There are two MTHFR gene locations: C677T which is associated with cardiovascular issues, and A1298C which affects mood and behavior more. I was negative for C677T but heterozygous for A1289C (i.e., I have one mutated copy and one regular copy).
The solution is apparently really simple. I need to take methyl-B12 (methylcobalamine) and methyl-folate to make sure my body can absorb these nutrients. Without them, I am more likely to have deficiencies in my B vitamins (just as my test results showed). I’m also taking a B-vitamin complex and some other minerals to help address all my borderline results.
Because I suffered a B-12 deficiency in the 90s, I’ve been taking B-12 ever since. But I didn’t know that there was more than one kind out there so I never paid attention to what I was buying. My latest bottle at least was the cyano-form. I should be angry about how many B-12 pills I’ve taken in the last 20 years and how little I was probably benefiting from them, but mostly I’m just grateful to know what I now know about this.
I’ve started my new supplements and for the first few days, I felt just fine. Not over the moon wonderful, but energetic enough to have a productive and full day of the kind I imagine most adults have. The last two days I’ve been feeling tired again. The nutritionist told me to schedule my check-up with her in six weeks, so I know it will be a while before we can really tell how well I’m responding to the supplements.
In the meantime, I have plenty to think about. When I read the list of major health issues linked to the MTHFR mutation, I wondered how many of my issues are caused by this single mutated gene. How big of a factor is this in my depressive episodes? How much has it enhanced my nervous nature? Is this why sugar gives me so much trouble? Is this the root cause of the fatigue issues I’ve been struggling with for all theses years? Or will there be little to no noticeable improvement in my energy levels despite knowing about this mutation?
I have a new piece to add to my puzzle, but it will be a while before I can tell just how big this piece is.
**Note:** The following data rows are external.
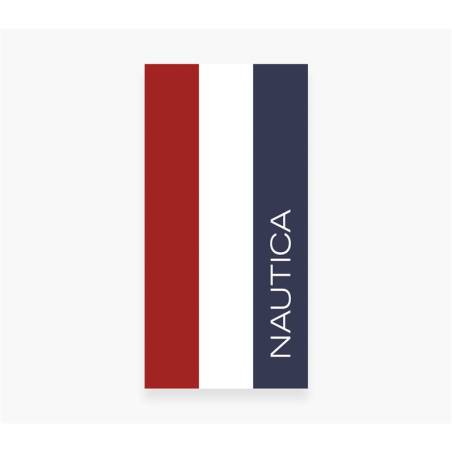 NEF-NEF Homeware Πετσέτα Θαλάσσης Nautica-NAU Way Up 80x160 RED/WHITE/BLUE
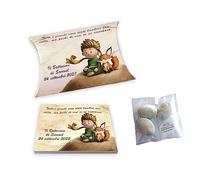 Bomboniera magnete mod. Piccolo Principe per battesimo compleanno bimbo personalizzata con scatola e confetti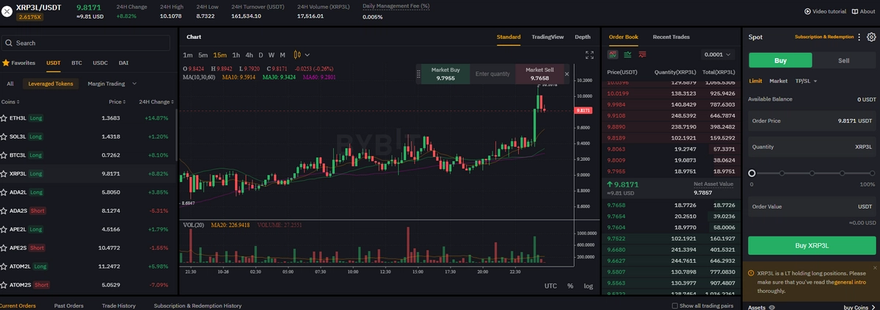 Trading screenshot of ByBit platform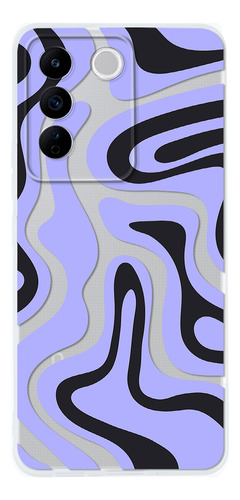 Funda Para Vivo Para Mujer Curvas Moradas Uso Rudo Tpu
Do you struggle just to be a healthy “normal” person? What challenges have you faced? What have you learned?
8 thoughts on “MTHFR Mutation: A New Piece In My Health Puzzle”
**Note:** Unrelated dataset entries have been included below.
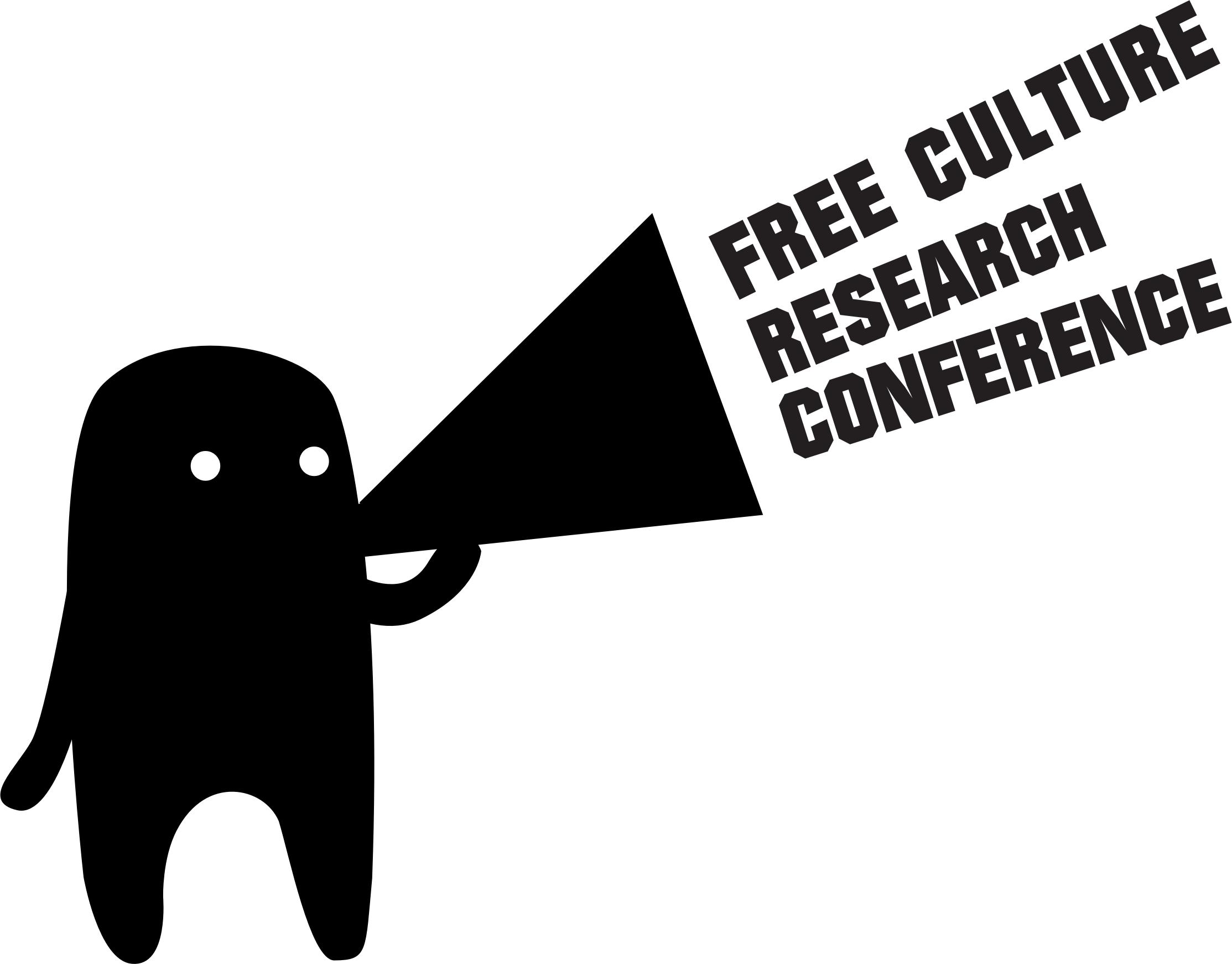 Free Culture Research Conference Logo 3 icons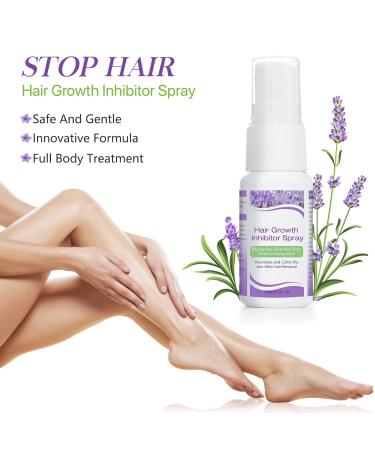 Premium Hair Inhibitor for Face & Body - Non-Irritating Permanent Hair Growth Stopper - Bikini Arm Armpit Leg - Lavender Flavor - Buy Online on GoSupps.com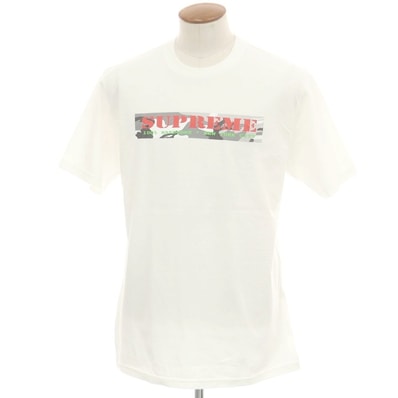 【中古】シュプリーム Supreme 2025年春夏 Hardcore Tee コットン クルーネック 半袖Tシャツ ホワイト【サイズM】【メンズ】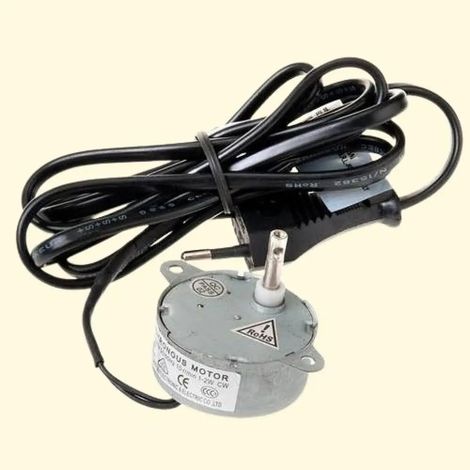 Motorreductor compacto 1,2 W 18 RPM 40 mm diámetro con eje 4 mm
I definitely thought MTHFR was shorthand for an expletive until I read down into your post! 🙂
Someone else pointed it out to me, but now that’s all I see… 😉
But, I really hope that you can solve the health puzzle and feel great all of the time!
I’ve struggled, with many of the problems you have listed, for many years since having Lyme Disease. fatigue and cognitive problems are my biggest problem. Lately I can’t smell or taste. So, I also have been working with vitamin and herbal drugs to some benefit, but, fatigue is still a problem. Please post again your response to this new group of therapy, I am keeping my fingers crossed so you get great help with fatigue issues, since no one, including MDs seem to understand it. Keep up your struggle, it is worth it. Enjoyment of life will be your major benefit.
Lyme disease? 🙁 I’m glad you found some things that work for you and I hope you, too, continue to make progress with your health issues. People complain about not having enough time in the day to do everything, but my problem tends to be to not have enough energy. I have to spend lots of hours resting and recharging. Maybe I can’t change that, but I keep trying!
Thanks. I hope so, too.
I dearly hope this works for you, and my congratulations on your having tracked down this avenue to explore. Send your doctor a bill. 🙂
LOL! No telling what the doctor would think of all this. Poking around on line there are definitely different opinions about how important this mutation may or may not be. All I know is that it’s information to help guide my health care and that’s good enough for me.